Tariff concession orders (TCOs) allow goods to be imported without customs duty where there are no local manufacturers producing substitutable goods.
Problems often arise where opinions differ about the correct classification of the goods. The recent AAT decision in National Oilwell v Comptroller-General of Customs highlights the risks facing importers.
What happened in National Oilwell v Comptroller-General of Customs?
You might have sympathy for the importer, given the circumstances.
The goods were ‘pony rods’, also referred to as short ‘sucker rods’ – basically a component of an oil well pump.
The sequence of events was as follows.
- On 11 February 2009, an application for a TCO was made under tariff item 8413.91.10.

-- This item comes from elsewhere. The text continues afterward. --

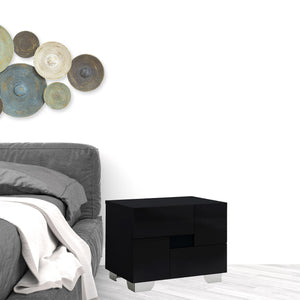 Homeroots 18" Black Two Drawers Metal Mirrored Nightstand Black  329643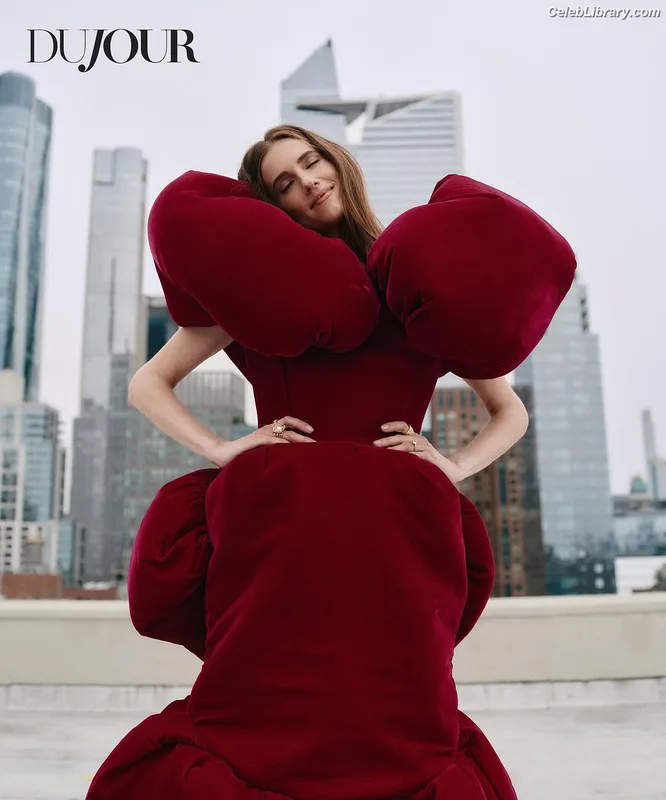 Allison Williams photo 10 of 107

- There then appears to have been some internal consideration by Customs about whether 8413.91.10 or 8413.91.90 was the correct tariff item. The AAT referred to a Customs’ minute paper but did not discuss its contents.
- However, on 25 February 2009, the original application for the TCO was withdrawn and was re-listed under tariff item 8413.91.90. Customs subsequently approved the TCO under that tariff item. While not in the evidence, it is easy to imagine that Customs communicated its view that it wouldn’t approve a TCO under 8413.91.10 but would approve a TCO under 8413.91.90.
- From 2009 to early 2014, goods were imported duty-free under 8413.91.90 quoting the approved TCO.
- On 28 January 2014, Customs issued a tariff advice, stating that the correct tariff item was actually 8413.91.10 – the one that was the subject of the first (withdrawn) TCO application.
The effect of Customs’ position
Customs’ tariff advice on 28 January 2014 meant that the previous imports of the pony-rods were not duty-free. This was because the TCO could not apply to goods imported under a different tariff item, regardless of whether the description matched.
Customs assessed the imports for duty.
National Oilwell applied for a corresponding refund of duty on the basis that there was a TCO in force (or taken to have been in force) at the time the goods were imported.
In its decision, the AAT commented that:
- ‘Before goods can fit within a particular TCO they must be within the tariff classification to which the TCO is keyed’ – Voxson Sales Pty Ltd and Collector of Customs  FCA 609.
- ‘In order to fall within a tariff concession order, the goods must “precisely” meet the description of that order’ – Becker Vale Pty Ltd v Chief Executive Officer of Customs  FCA 525.
There was no question that the description of the goods in the TCO matched the actual goods precisely. However, the AAT held that the TCO could not be applied to the imported goods – because the TCO was keyed to 8413.91.90 and the goods were properly imported under 8413.91.10.
On that basis, the AAT concluded that the TCO did not apply, and the imported goods were dutiable.
What steps could the importer have taken to protect itself?
After receiving the tariff advice on 28 January 2014:
- a new TCO was granted for the goods under the correct tariff item – 8413.91.10 – and the goods imported from that date were not dutiable;
- National Oilwell applied for a further tariff advice requesting confirmation that the goods were covered by the TCO; and
- Customs provided this confirmation in a second tariff advice.
Unfortunately these steps were too late for the goods that had already been imported.
With the benefit of hindsight, these steps should have been taken in 2009. Assuming Customs indicated in February 2009 that the correct tariff item was 8413.91.90 and not 8413.91.10 (as the importer had concluded in their application), the importer should have asked Customs for a tariff advice.
A tariff advice is binding on Customs for 5 years.